Noi proponiamo anche una sosta durante il percorso, troppo lungo per essere fatto d’un fiato, una sosta per gli elettori ma anche per i candidati. Il clima affannato non giova a nessuno soprattutto perché in quest’affanno molte cose si sovrappongono e si vorrebbe poter partecipare ai vari incontri non come formiche impazzite: non è, o almeno non dovrebbe essere un clima da Salone del mobile o da Fuori salone, dove la gente corre da una vernice all’altra o da una coppa di spumantino a una tartina.

Riprenderemo con il numero successivo a parlare di politica e di primarie e questo sempre con il nostro stile: offrire spazio a chi ha qualcosa di interessante da dire o esprime opinioni che abbiano un qualche contenuto di interesse o che portino acqua al mulino del dibattito.

Una pausa dunque per riflettere sulle vicende milanesi e cercare di consolidare la propria opinione o farsene una senza soggiacere alla pressione mediatica che ci opprime col suo frastuono ma, ormai lo abbiamo capito, anche con i suoi silenzi.

L’enfasi data a una notizia e il silenzio su un’analoga solo perché i soggetti coinvolti godono di protezioni diverse è il classico modo di fingere un’informazione generale ma nella sostanza è la quintessenza della faziosità ma regna sovrana in certa stampa.

Vorremmo che la nostra scelta suonasse come un invito a tutti, per una settimana, a buttare il tastino, quello dello zapping della politica ed ha cercare nel proprio vissuto diretto o in quello che persone attendibili a noi vicine ci hanno raccontato o che abbiamo visto con i nostri occhi, gli elementi che formeranno il nostro giudizio.

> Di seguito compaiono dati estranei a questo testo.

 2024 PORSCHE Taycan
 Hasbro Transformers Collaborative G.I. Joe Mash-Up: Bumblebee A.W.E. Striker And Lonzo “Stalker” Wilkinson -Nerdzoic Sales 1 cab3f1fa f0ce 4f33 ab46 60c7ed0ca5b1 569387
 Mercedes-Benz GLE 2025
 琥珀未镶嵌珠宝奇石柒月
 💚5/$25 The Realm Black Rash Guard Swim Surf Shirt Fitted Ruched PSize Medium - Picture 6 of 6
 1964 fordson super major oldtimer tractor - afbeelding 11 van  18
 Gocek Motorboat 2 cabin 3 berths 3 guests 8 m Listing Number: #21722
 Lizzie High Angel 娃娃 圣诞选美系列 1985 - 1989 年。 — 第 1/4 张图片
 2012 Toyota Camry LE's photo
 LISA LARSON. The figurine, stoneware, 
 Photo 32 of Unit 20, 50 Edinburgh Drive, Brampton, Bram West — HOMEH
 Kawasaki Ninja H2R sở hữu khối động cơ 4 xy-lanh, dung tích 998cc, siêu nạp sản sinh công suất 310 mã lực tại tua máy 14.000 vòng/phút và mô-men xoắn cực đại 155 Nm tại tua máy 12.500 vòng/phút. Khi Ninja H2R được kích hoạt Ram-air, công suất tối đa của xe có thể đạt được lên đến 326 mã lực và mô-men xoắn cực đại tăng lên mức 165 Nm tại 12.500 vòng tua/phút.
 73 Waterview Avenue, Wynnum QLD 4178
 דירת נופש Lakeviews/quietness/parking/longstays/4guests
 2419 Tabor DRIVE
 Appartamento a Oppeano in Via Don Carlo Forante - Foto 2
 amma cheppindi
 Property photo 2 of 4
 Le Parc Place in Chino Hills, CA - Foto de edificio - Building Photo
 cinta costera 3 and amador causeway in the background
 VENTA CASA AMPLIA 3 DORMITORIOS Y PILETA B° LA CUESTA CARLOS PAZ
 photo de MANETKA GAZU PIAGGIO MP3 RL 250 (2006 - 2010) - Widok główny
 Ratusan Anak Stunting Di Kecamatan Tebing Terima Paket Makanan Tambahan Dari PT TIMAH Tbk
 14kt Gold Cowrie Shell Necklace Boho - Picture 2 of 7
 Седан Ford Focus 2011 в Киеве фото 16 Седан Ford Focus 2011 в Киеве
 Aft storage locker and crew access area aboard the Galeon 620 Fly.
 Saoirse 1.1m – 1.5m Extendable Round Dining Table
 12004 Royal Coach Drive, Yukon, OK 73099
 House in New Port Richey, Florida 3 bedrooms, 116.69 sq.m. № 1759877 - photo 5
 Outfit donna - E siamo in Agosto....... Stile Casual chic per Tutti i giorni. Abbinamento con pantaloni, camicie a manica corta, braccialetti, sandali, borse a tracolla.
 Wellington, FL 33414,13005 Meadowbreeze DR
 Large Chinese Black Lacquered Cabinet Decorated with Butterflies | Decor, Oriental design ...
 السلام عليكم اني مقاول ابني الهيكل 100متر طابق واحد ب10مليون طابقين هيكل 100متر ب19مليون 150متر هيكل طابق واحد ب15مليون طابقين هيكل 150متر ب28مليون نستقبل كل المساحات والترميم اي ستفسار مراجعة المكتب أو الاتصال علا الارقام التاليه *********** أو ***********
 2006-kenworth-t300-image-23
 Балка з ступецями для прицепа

Potrebbe essere l’avvio di un metodo nuovo per avere delle opinioni e non lasciarci travolgere dall’ingorgo delle notizie del quale l’esempio più banale è Internet.

Questa settimana ci occupiamo di un argomento che ha animato il dibattito cittadino: il monumento di Cautela, il cosiddetto “dito”. Certo l’ambiguità regna sovrana perché l’equivoco nasce da un gesto che fa parte da non molto tempo anche della nostra mimica e lo abbiamo importato dagli Stati uniti. Noi c’eravamo abituati al cosiddetto “gesto dell’ombrello” o alla più banali “corna” rinverdite dal nostro presidente del Consiglio ma certi atteggiamenti per merito della televisione si diffondono molto in fretta: comincio a vedere parecchi ragazzi che si “danno cinque”, l’allegro far combaciare due mani a palmo aperto; made in USA.

Il monumento di Cattelan, equivoco a parte, ricorda il realismo fascista – un regime che tra tante nefandezze ci ha lasciato anche alcuni capolavori di architettura e di arti visive – spero che resti dove è, continuando a occupare, purtroppo insieme con un nauseante tappeto di automobili, una delle poche piazze ancora non contagiate dal gusto dell’effimero o da una rutilante pubblicità.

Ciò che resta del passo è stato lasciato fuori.